WHAT THIS TASK INVOLVES:
Output each line of the data below exactly, omitting any image.

Stored records:
....................

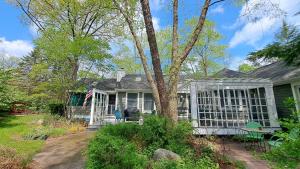 a house with a greenhouse in the yard at Wine Down in Gordon Beach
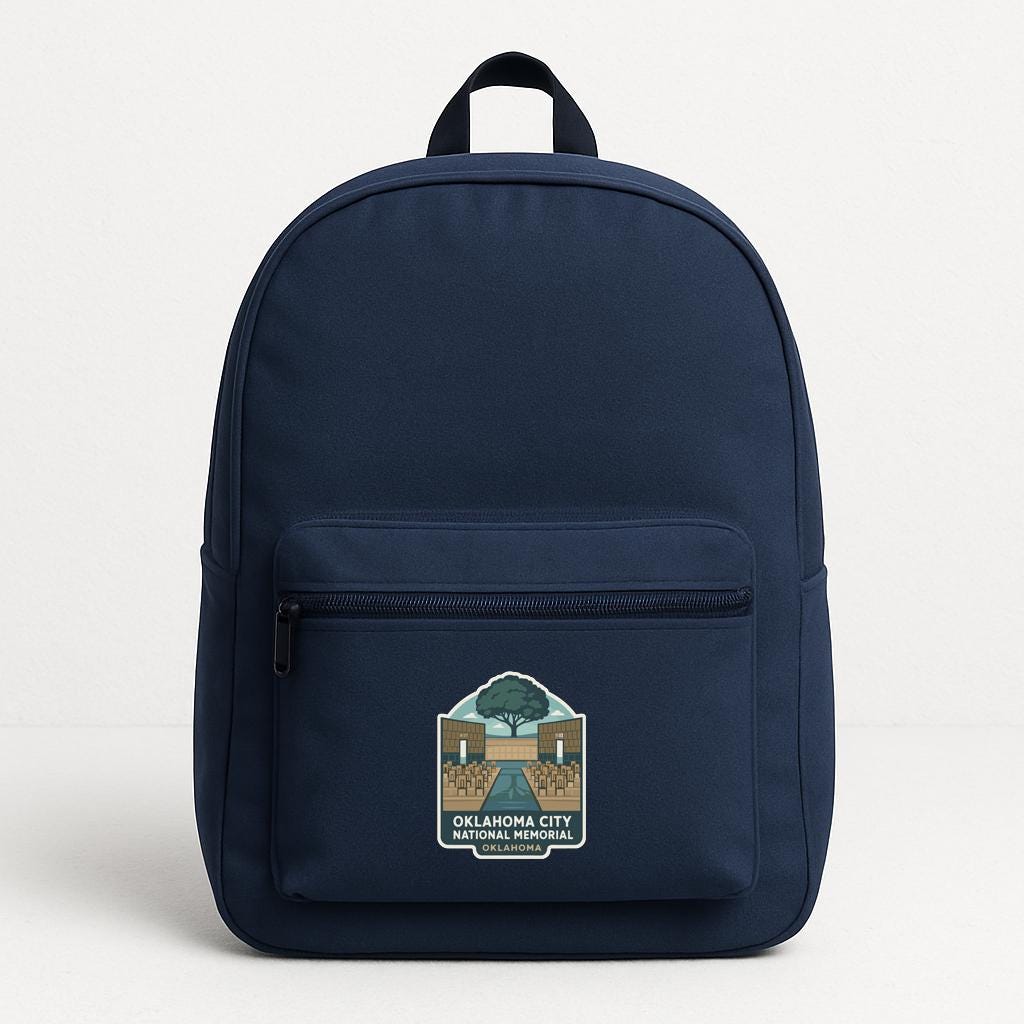 A navy blue backpack with a graphic on the front that says "OKLAHOMA CITY NATIONAL MEMORY".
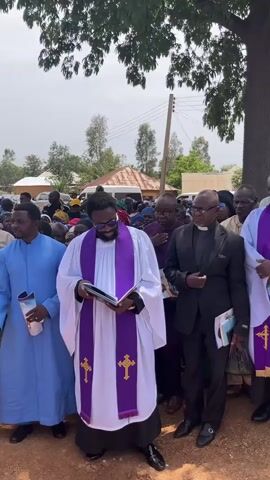 Sure, here's a description of the video:

The video captures a gathering of individuals outdoors, likely attending a ceremony or service. A central figure, dressed in a white clerical robe with a purple stole adorned with gold crosses, is seen reading from a book. He is wearing sunglasses.  He is surrounded by other clergy members in similar attire, as well as people dressed in more casual wear. They stand closely together. A tree with ample foliage provides some shade, and in the background, there are houses, vehicles, and additional attendees. The general atmosphere suggests an outdoor religious event or memorial.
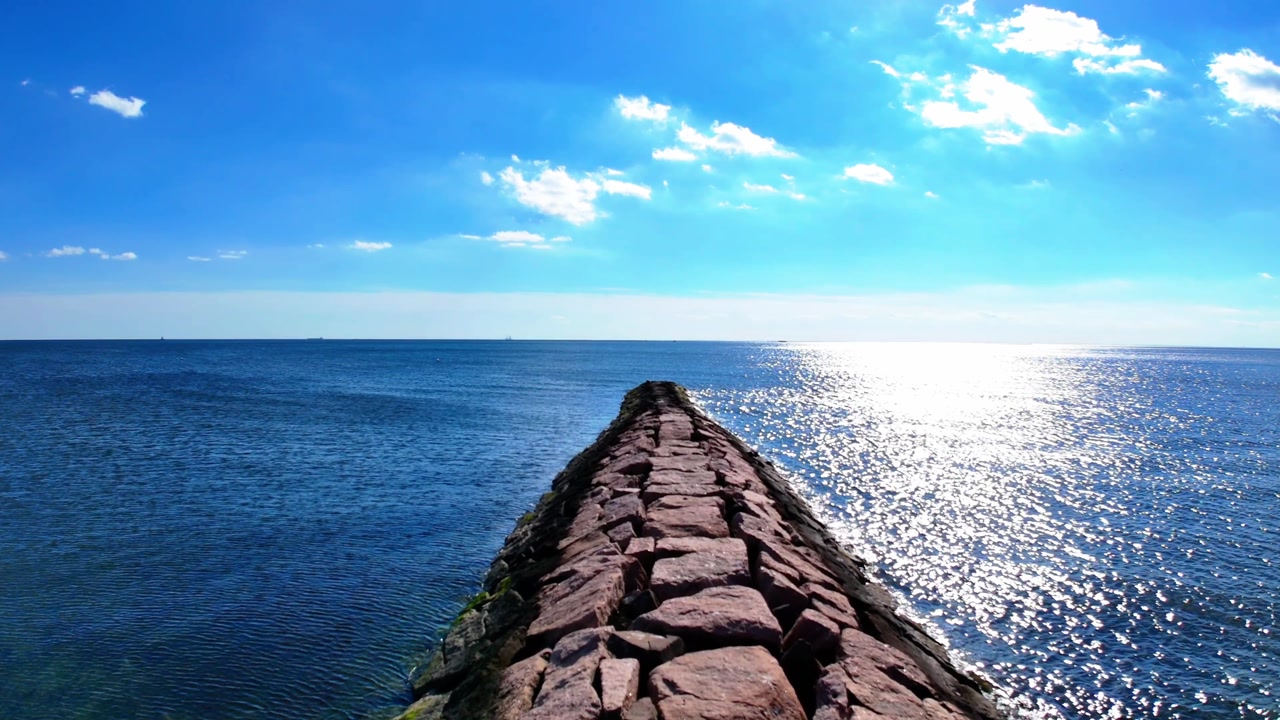 Aerial dolly view of a stone pier extending into the calm blue sea under a bright sky. A tranquil coastal scene with horizon, sunlight reflections, and peaceful ocean atmosphere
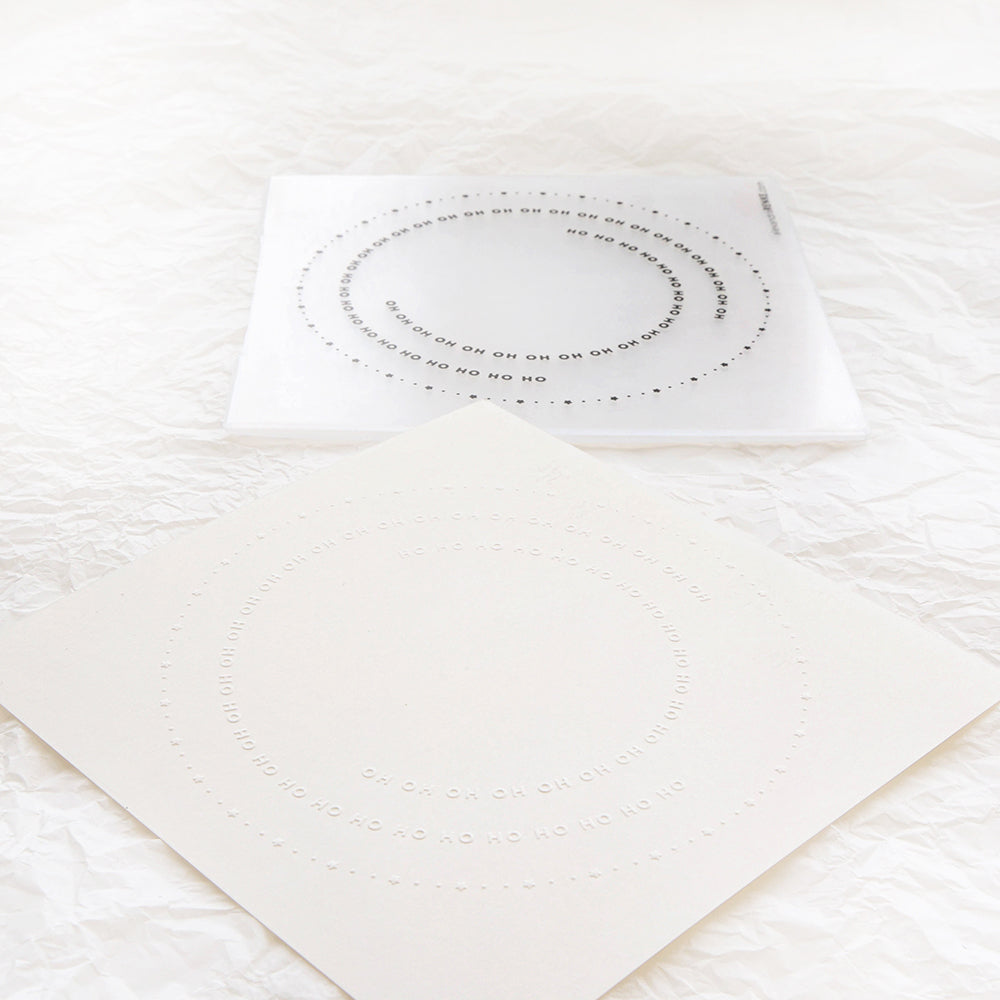 Zwei quadratische Bögen mit konzentrischen Kreisen und den Wörtern ON und NO, die mit dem Prägefolder Typo Kreis Ho Ho Ho von Alexandra Renke hergestellt wurden, liegen auf einem zerknitterten weißen Hintergrund.
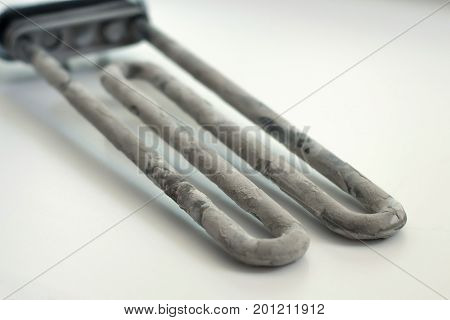 Washing machine heater on a white background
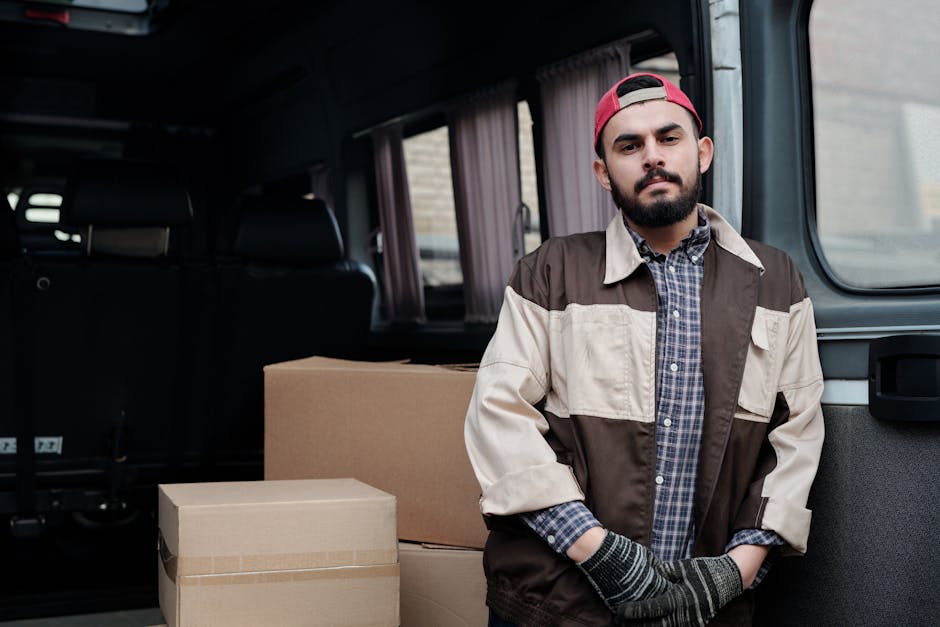 A young man with a beard and wearing a red cap, plaid shirt, and a two-tone beige and brown jacket, stands inside a van used for house removals, surrounded by cardboard boxes. The boxes are stacked be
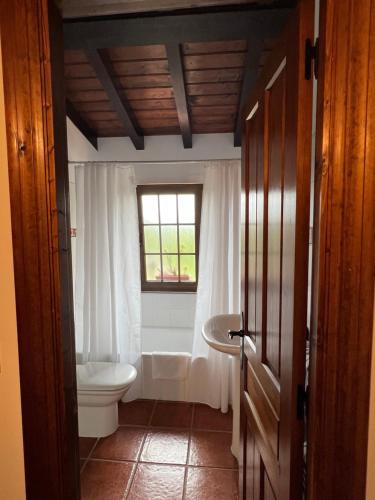 uma casa de banho com um WC, um lavatório e uma janela em Posada La Vieja Escuela em La Revilla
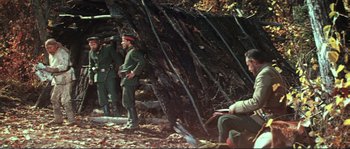 Movie still from “Dersu Uzala” (1975), directed by Akira Kurosawa – A group of men standing next to each other on a field; Wide shot, High angle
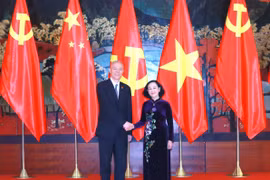 Thường trực Ban Bí thư Trương Thị Mai làm việc với Ủy viên Ban Thường vụ Bộ Chính trị Đảng Cộng sản Trung Quốc Thái Kỳ. (Ảnh: Phương Hoa/TTXVN)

....................

COMPLETED EXERCISE:
 a house with a greenhouse in the yard at Wine Down in Gordon Beach
 A navy blue backpack with a graphic on the front that says "OKLAHOMA CITY NATIONAL MEMORY".
 Sure, here's a description of the video:

The video captures a gathering of individuals outdoors, likely attending a ceremony or service. A central figure, dressed in a white clerical robe with a purple stole adorned with gold crosses, is seen reading from a book. He is wearing sunglasses.  He is surrounded by other clergy members in similar attire, as well as people dressed in more casual wear. They stand closely together. A tree with ample foliage provides some shade, and in the background, there are houses, vehicles, and additional attendees. The general atmosphere suggests an outdoor religious event or memorial.
 Aerial dolly view of a stone pier extending into the calm blue sea under a bright sky. A tranquil coastal scene with horizon, sunlight reflections, and peaceful ocean atmosphere
 Zwei quadratische Bögen mit konzentrischen Kreisen und den Wörtern ON und NO, die mit dem Prägefolder Typo Kreis Ho Ho Ho von Alexandra Renke hergestellt wurden, liegen auf einem zerknitterten weißen Hintergrund.
 Washing machine heater on a white background
 A young man with a beard and wearing a red cap, plaid shirt, and a two-tone beige and brown jacket, stands inside a van used for house removals, surrounded by cardboard boxes. The boxes are stacked be
 uma casa de banho com um WC, um lavatório e uma janela em Posada La Vieja Escuela em La Revilla
 Movie still from “Dersu Uzala” (1975), directed by Akira Kurosawa – A group of men standing next to each other on a field; Wide shot, High angle
 Thường trực Ban Bí thư Trương Thị Mai làm việc với Ủy viên Ban Thường vụ Bộ Chính trị Đảng Cộng sản Trung Quốc Thái Kỳ. (Ảnh: Phương Hoa/TTXVN)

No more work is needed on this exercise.